3. I have heard the learned counsel for the appellant and the learned APP for the State. I have also gone through the record and proceedings of the case.
4. The learned counsel for the appellant submitted that after having held that the accused persons were not guilty of murder, the trial Judge should have seen that the victim s relations had levelled a false charge of murder unnecessarily aggravating the incident. He should have, therefore, seen that they were thoroughly unreliable. The learned counsel also submitted that the statements about illtreatment of the victim, on which the learned trial Judge relied, should have been disbelieved because none of those witnesses had
referred to any ill-treatment to Rekha in their statements made before the investigation officer.
5. The learned APP, on the other hand, submitted by drawing my attention to the panchnama of the spot that Rekha was in all probability burnt by the appellant and others and the statements of the neighbours clearly indicated that she was subjected to illtreatment.
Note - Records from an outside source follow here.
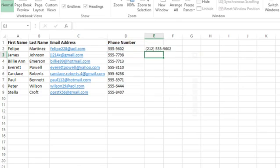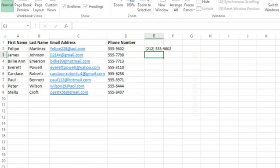When I press Enter, I will see a nicely formatted phone number with an area code.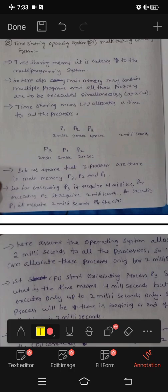Hi guys, I am Visri Jan. Today we are going to start the 3rd, 4th, 5th topic. I told you previously about batch processing system and multi-programmed operating system.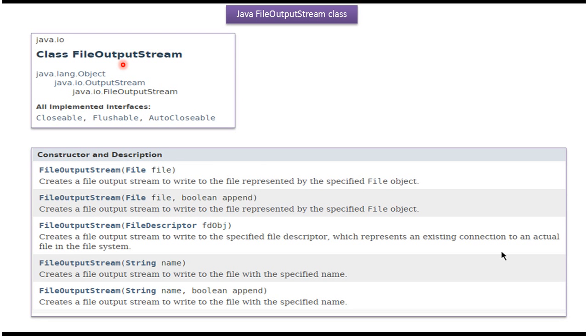FileOutputStream class belongs to the java.io package. The superclass of FileOutputStream is OutputStream. FileOutputStream class implements Closeable, Flushable, and AutoCloseable interfaces.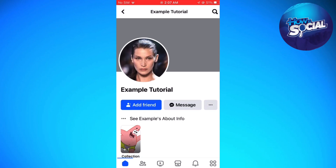So if you follow all of these steps, you should be able to change the Follow button to the Add Friend button in Facebook. That's it! I hope this video helped you, and if it did, make sure to like, subscribe, and hit the bell notification so you won't miss a video. See you in the next one and have a great day!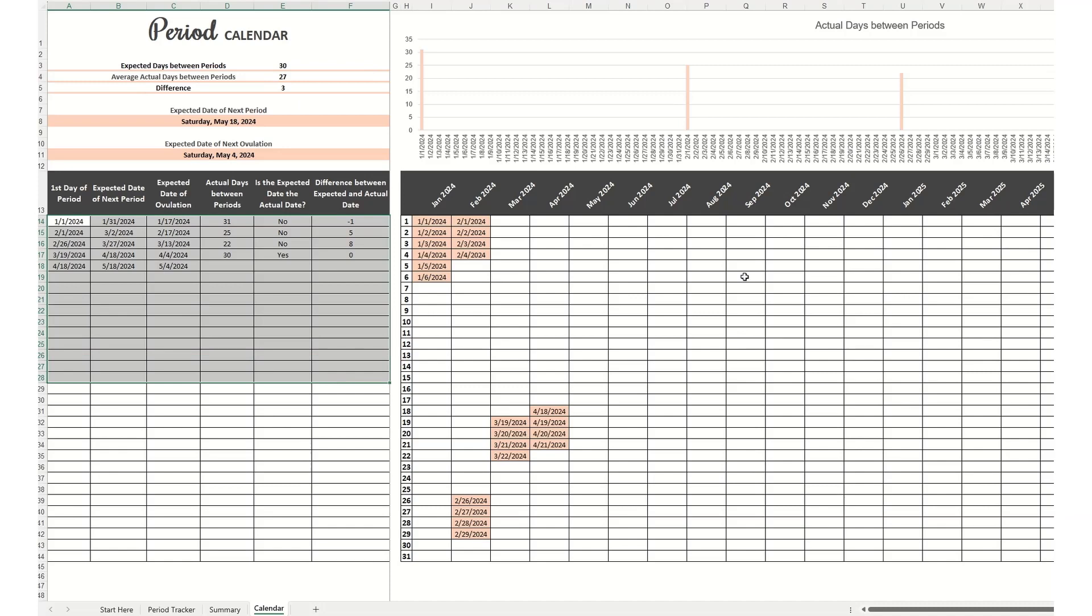This table here gives you more details about this information. And then on the right, you'll see just a very quick glance of when you actually had your period for each month.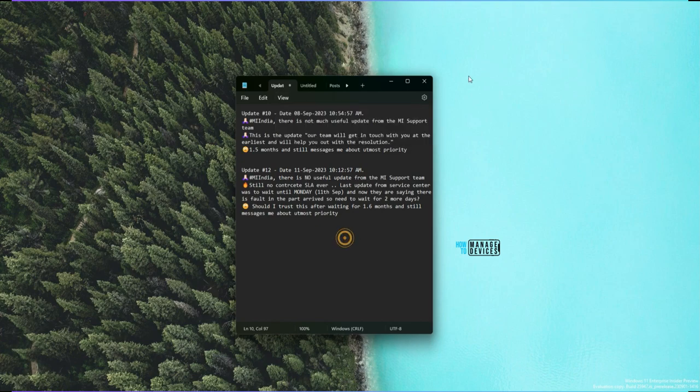Now that you have seen all the details about Notepad new features, autosave, multi-tab, etc., hope this was useful. Thank you all for watching. See you around.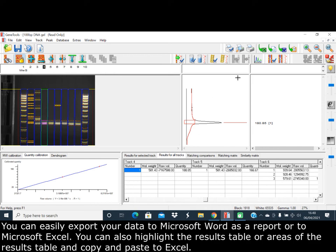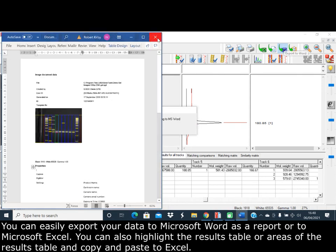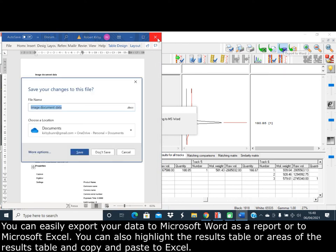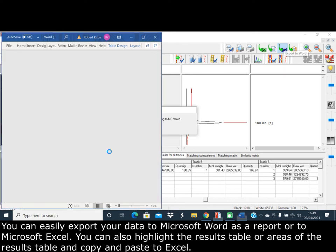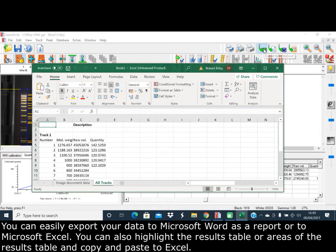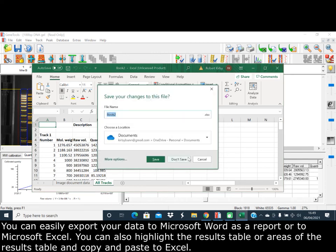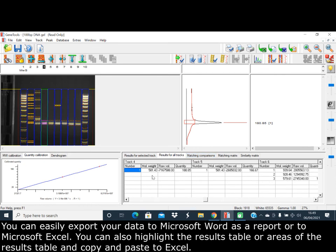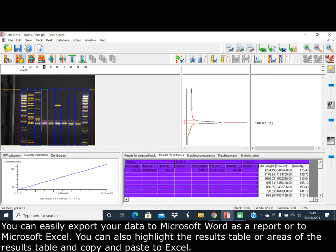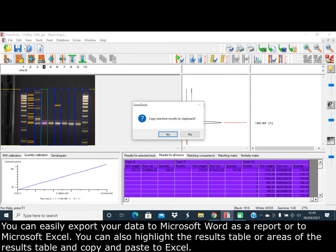You can easily export your data to Microsoft Word as a report or to Microsoft Excel using the export function. You can also highlight the results table or parts of the results table and copy and paste to Excel.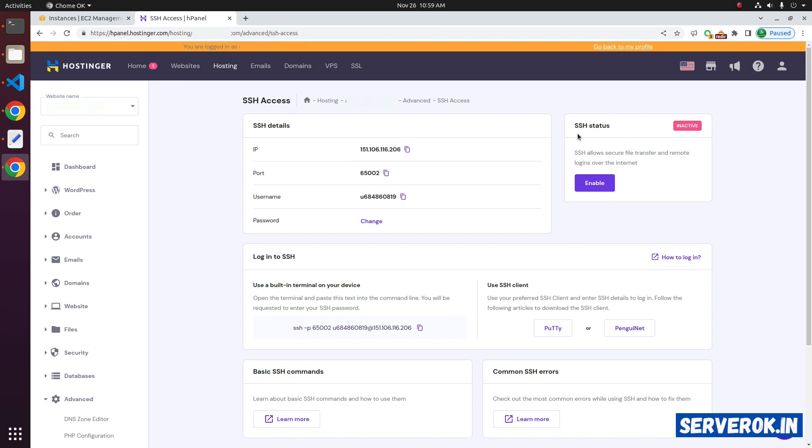Here you can see the SSH status is inactive. To enable SSH access, click on Enable.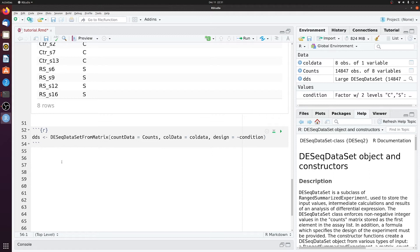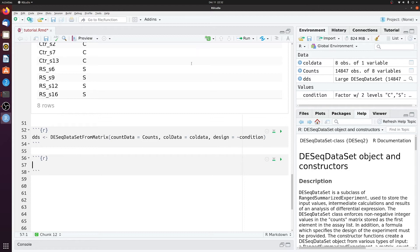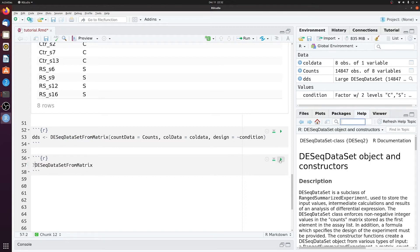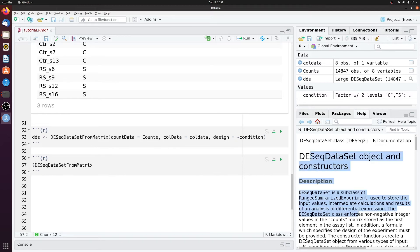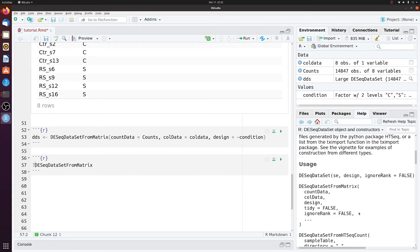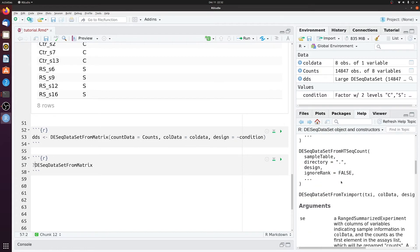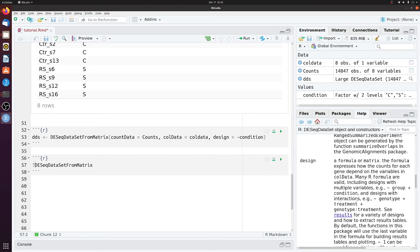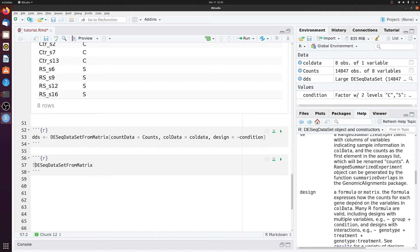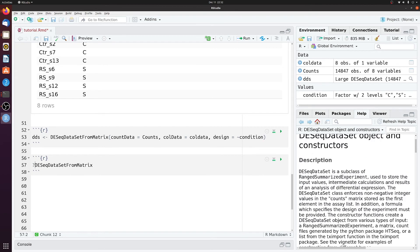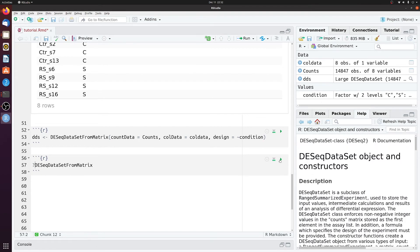And one really useful tip for doing anything in R is if you don't understand how something works, you don't understand what it does, you don't understand what all the different arguments of a function are, you can put a little question mark in front of it. And then when you run it, it'll actually pop up over here on the right. And it'll show you, it'll give you a little manual of it. So if you're ever stuck and don't quite understand something, I recommend doing that first.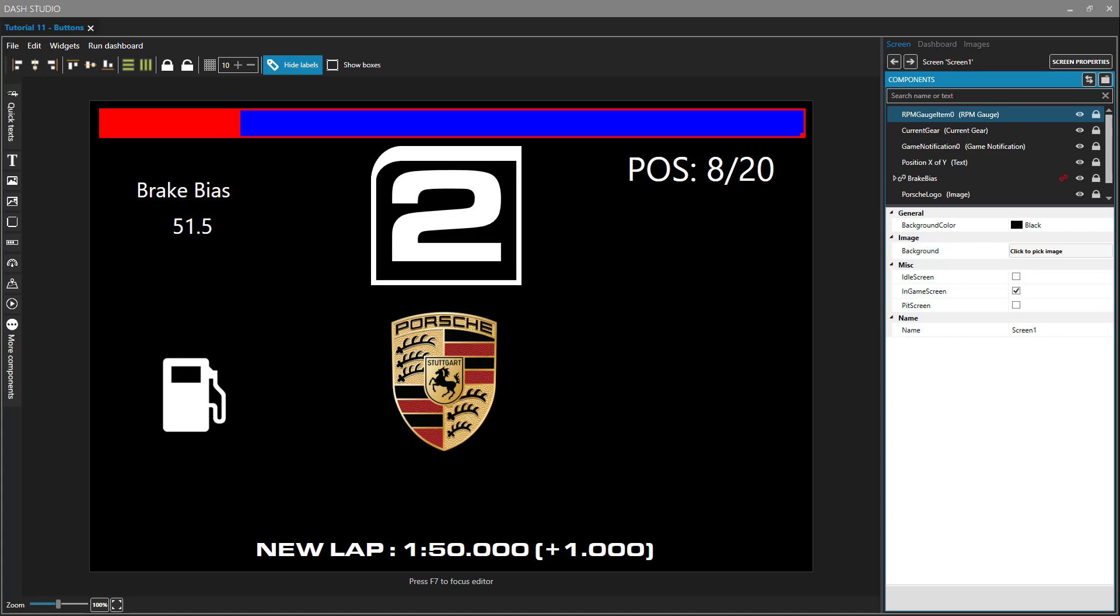Hello, SimHub users. This is the 11th video in a series of tutorials on using Dash Studio within SimHub. Today we're going to be looking at the button component. Buttons can trigger certain events within our dashboard and the SimHub interface. I'll show you how to add them and some interesting events that you might want to bind to those button presses.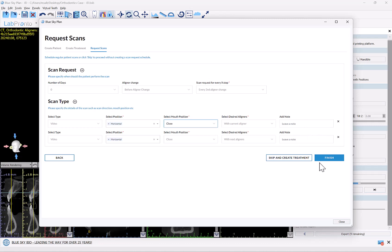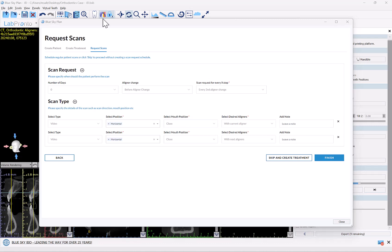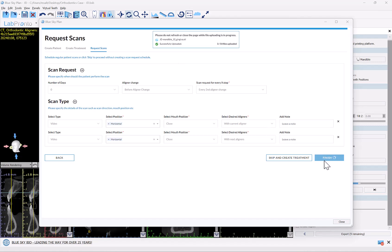Once you've confirmed the three steps, simply click Finish. We have the option to skip and create treatment — if you don't want to create a schedule and just want to press a button every time you want to scan you could do so, but we highly recommend using the schedule, which will prompt the patient properly. After clicking Finish, the software uploads the relevant STL files directly from Blue Sky Plan to the Blue Sky Monitoring platform. You can see the indication on top of the screen that the files are being uploaded — keep the window open until you receive the notification that all data has been uploaded successfully.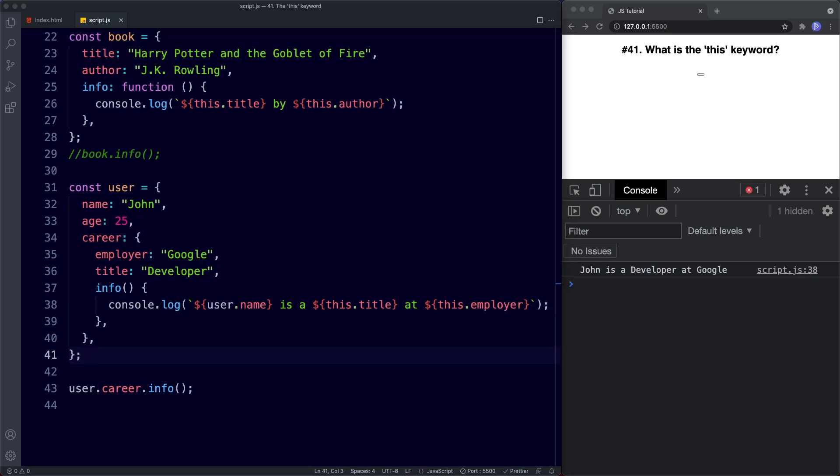Well done on completing those tasks — that's it for this lesson. In the next lesson we're going to learn all about the call, apply, and bind methods. Call, apply, and bind allow us to control and define for ourselves what the this keyword refers to. That's definitely a lesson you don't want to miss.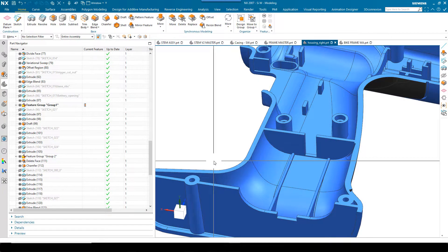Hello, my name is Si. I'm one of the technical managers at OnePLM. I'd like to do a couple of demonstrations today based around how we can organise our features and models, specifically within the part navigator. We've got three key tools that we can use when working with models to create organisation: feature groups, part modules, and something I'd like to focus on later in the demonstration, design groups.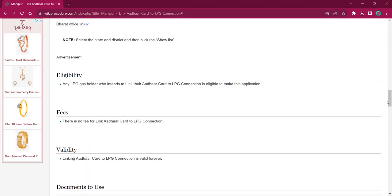As per the eligibility, any LPG gas card holder who is willing to attach their Aadhaar with the LPG connection is eligible for this procedure. As per the fee, there is no fee charged for this procedure. As per the validity, linking Aadhaar to LPG connection is valid forever.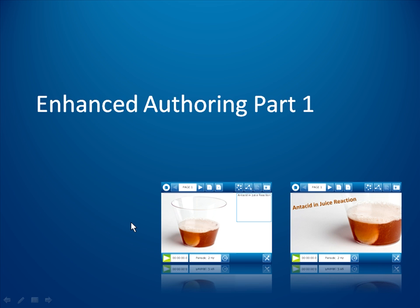In the previous movie, you saw that SparkView alone can be used to create Sparklabs that are functional but perhaps a bit plain looking. In this movie, I'd like to begin to show you a technique that allows you to create more professional looking Sparklabs.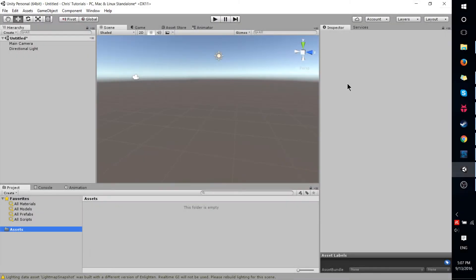Hello everybody, Chris here and in this Unity tutorial I'd like to show you the easiest way to import assets from another project into your current project.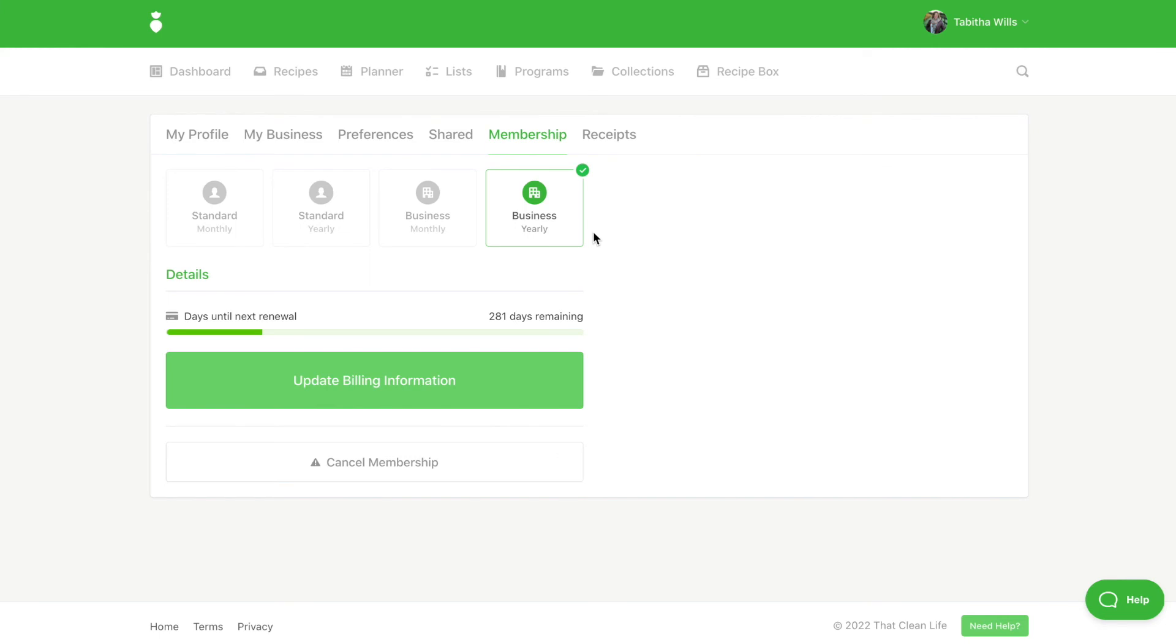You'll see here how many days you have left remaining until your next renewal and you can also update your billing information if you get a new credit card or if yours expires. And here is where you cancel your membership.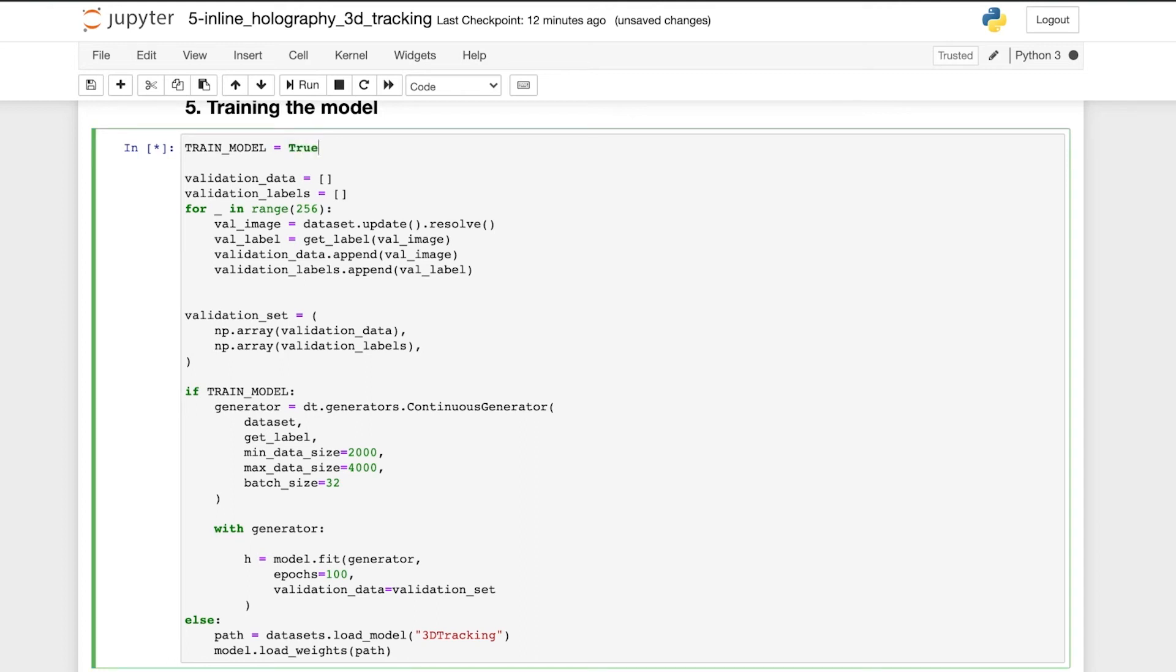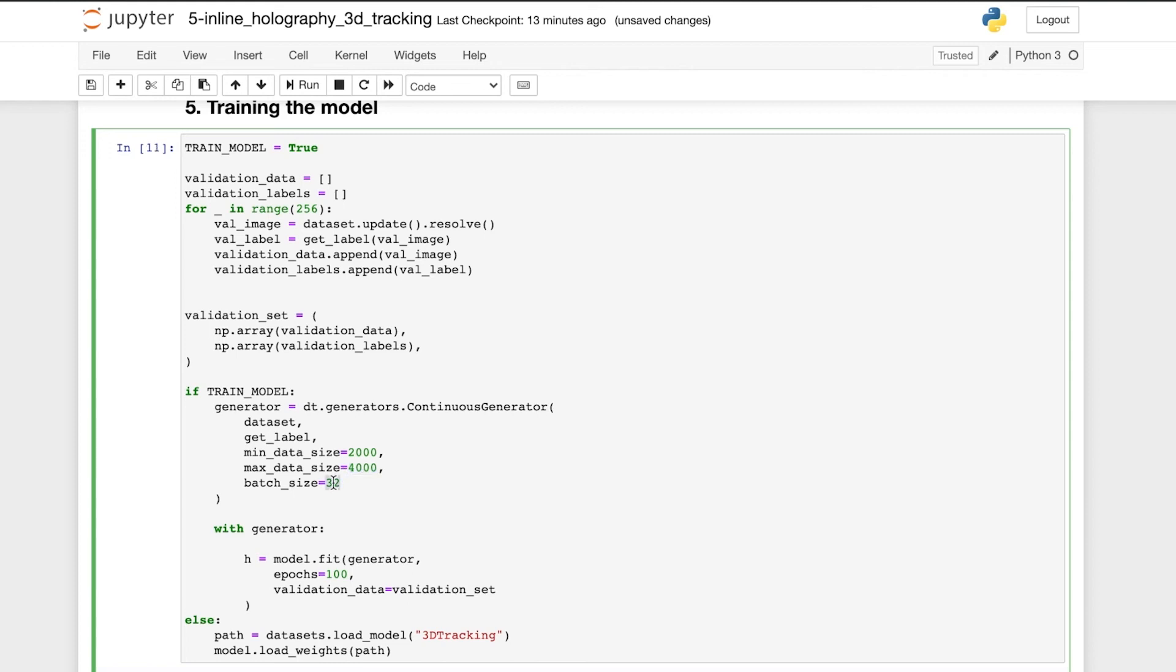Here we have a validation set of 256 images. And we use the continuous generator to continuously generate images during the training, with a minimum of 2000 training images and a maximum of 4000. And we use a batch size of 32 and train the network for 100 epochs. And now let's train the model.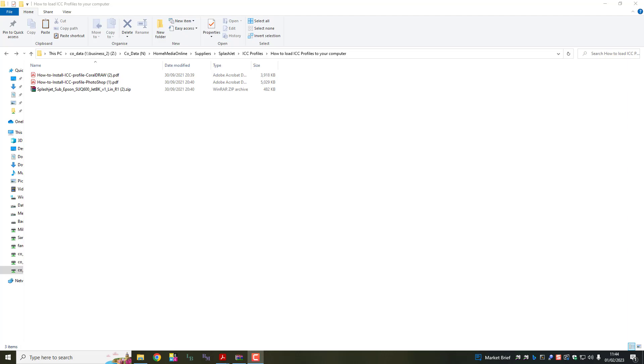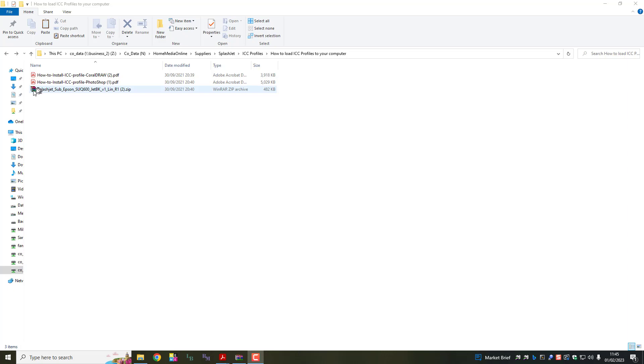Hello there, a short video to show you how to load ICC profiles into your ICC folder on your computer so that you can apply them to different projects that you have. This particular ICC profile is for sublimation printing and it's for our Splashjet Inc. So let's have a look at how we do that.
First, there is no appeal by the
State against the acquittal of the appellant and others of the offences punishable under Section 302 of the IPC. It is not that the learned trial Judge has held that Rekha was burnt by the appellant and others and that such
burning did not amount to murder but only constituted an offence of cruelty. He has held that the probability of Rekha having caught fire accidentally was more and, therefore, ruled out the theory of her having been set on
fire. If that be so, there has to be some independent evidence of independent incident of the victim being subjected to ill-treatment by the appellant.
6. The learned APP submits that there are four neighbours, PW-7 Bhanudas Hiraman, PW-8 Kishore Wagh, PW-9 Sham Unavane and PW-10 Aminabai Khan. All of them except one state that Rekha was subjected to ill-treatment by
the appellant and others. These witnesses had not disclosed about such ill-treatment in their statements before the police. When confronted with those statements, they admitted that their police statements did not contain anything indicative of the victim having been subjected to ill-treatment by the appellant. The claim of some of the witnesses that they had so stated before the investigation officer was debunked by PW-16 PSI Bhaskar Badgujar who conducted the investigation. He states that none of these witnesses had disclosed any such thing to him.
7. According to the learned APP, the learned trial Judge observed that if the I.O. does not ask the question and witness would have no occasion to narrate or convey the information, then in that case the statement of witness in the Court would not amount to omission. Now this pre-supposes too many things
which may not be permissible. First, the I.O. would be under an obligation to ask all relevant questions and in case of death of a young married woman, where there is a complaint of ill-treatment by the father of such woman,
the I.O. would be obliged to ask the neighbours about ill-treatment. Absence of reference to any such ill-treatment in the statements recorded by the I.O. would be indicative of absence of such a mention by the witnesses themselves and, therefore, the learned trial Judge should not have readily accepted the case on post facto statements of the witnesses about ill-treatment of the victim at the hands of the appellant. In view of this, the conviction of the appellant for the offence punishable under Section 498-A of the IPC cannot be sustained.
8. The appeal is, therefore, allowed. The The appellant s conviction for the offence punishable under Section 498-A of Indian Penal Code and sentence of RI for three years and fine of Rs.3000/- are set aside. Fine, if paid, be refunded. The bail bond stands cancelled.